[Exercise]: Among the entries below, only the lines from the one with "Hanging Chair with" through the one with "Icon a health" are wanted, reproduced exactly. Pictures are not wanted.

[Supplied data]:
___

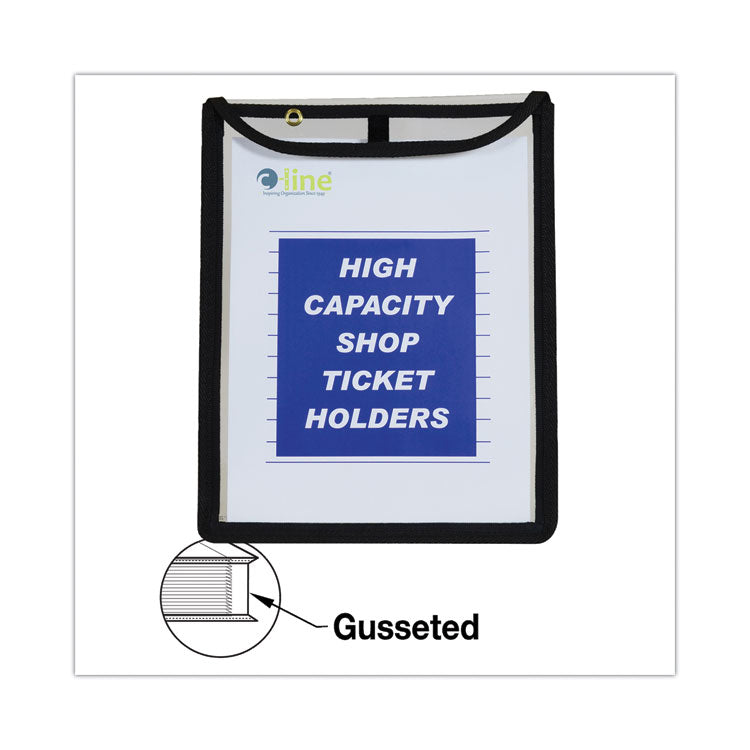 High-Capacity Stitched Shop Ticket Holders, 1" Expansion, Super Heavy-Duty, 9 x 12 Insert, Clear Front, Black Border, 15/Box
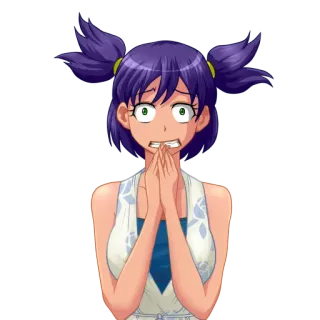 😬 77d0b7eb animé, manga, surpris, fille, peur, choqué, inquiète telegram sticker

___

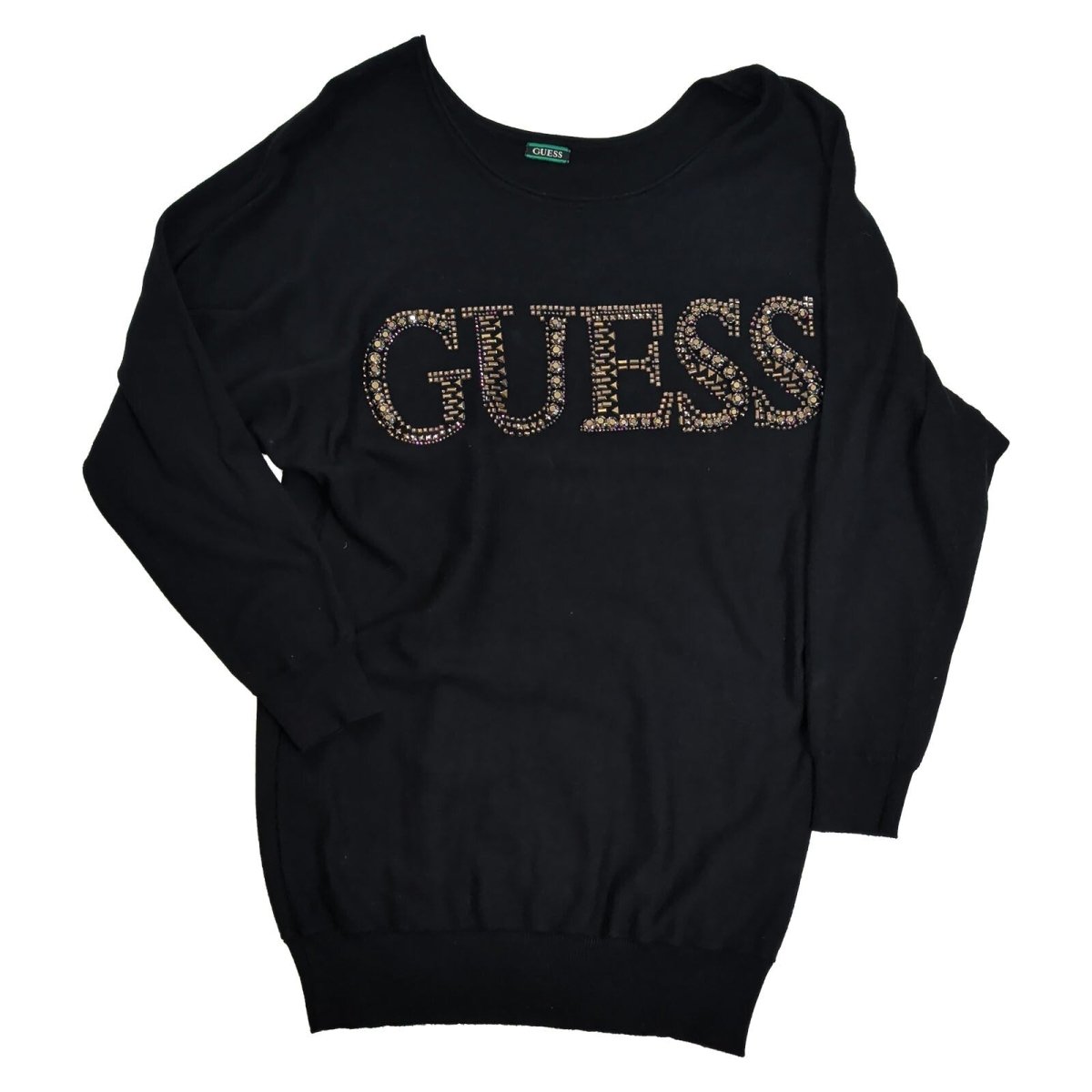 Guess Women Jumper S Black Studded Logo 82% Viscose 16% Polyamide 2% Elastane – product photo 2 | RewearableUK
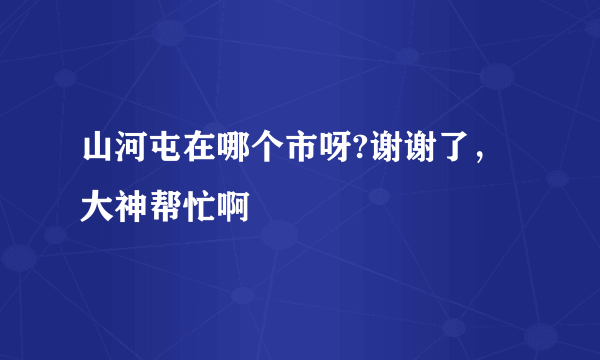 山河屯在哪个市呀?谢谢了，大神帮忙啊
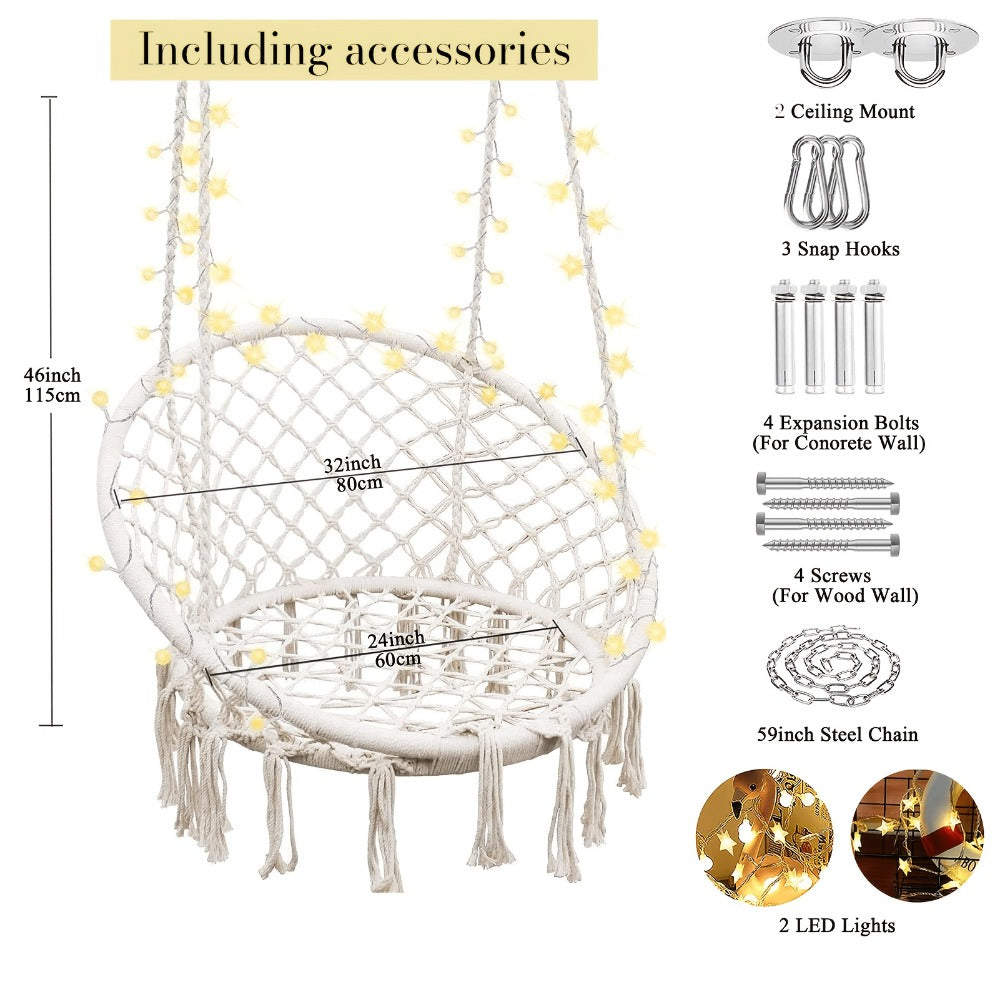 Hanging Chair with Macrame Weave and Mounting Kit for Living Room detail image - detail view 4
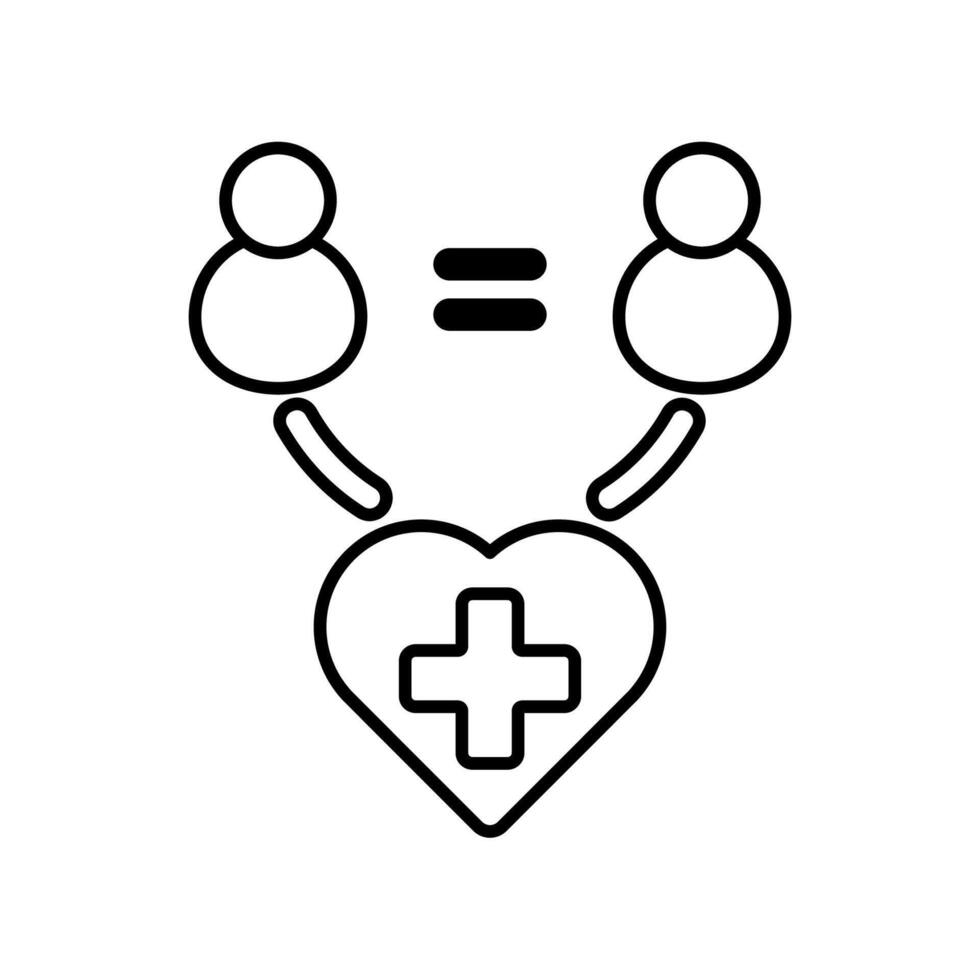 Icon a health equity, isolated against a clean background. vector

___

[Response]:
 Hanging Chair with Macrame Weave and Mounting Kit for Living Room detail image - detail view 4
 Icon a health equity, isolated against a clean background. vector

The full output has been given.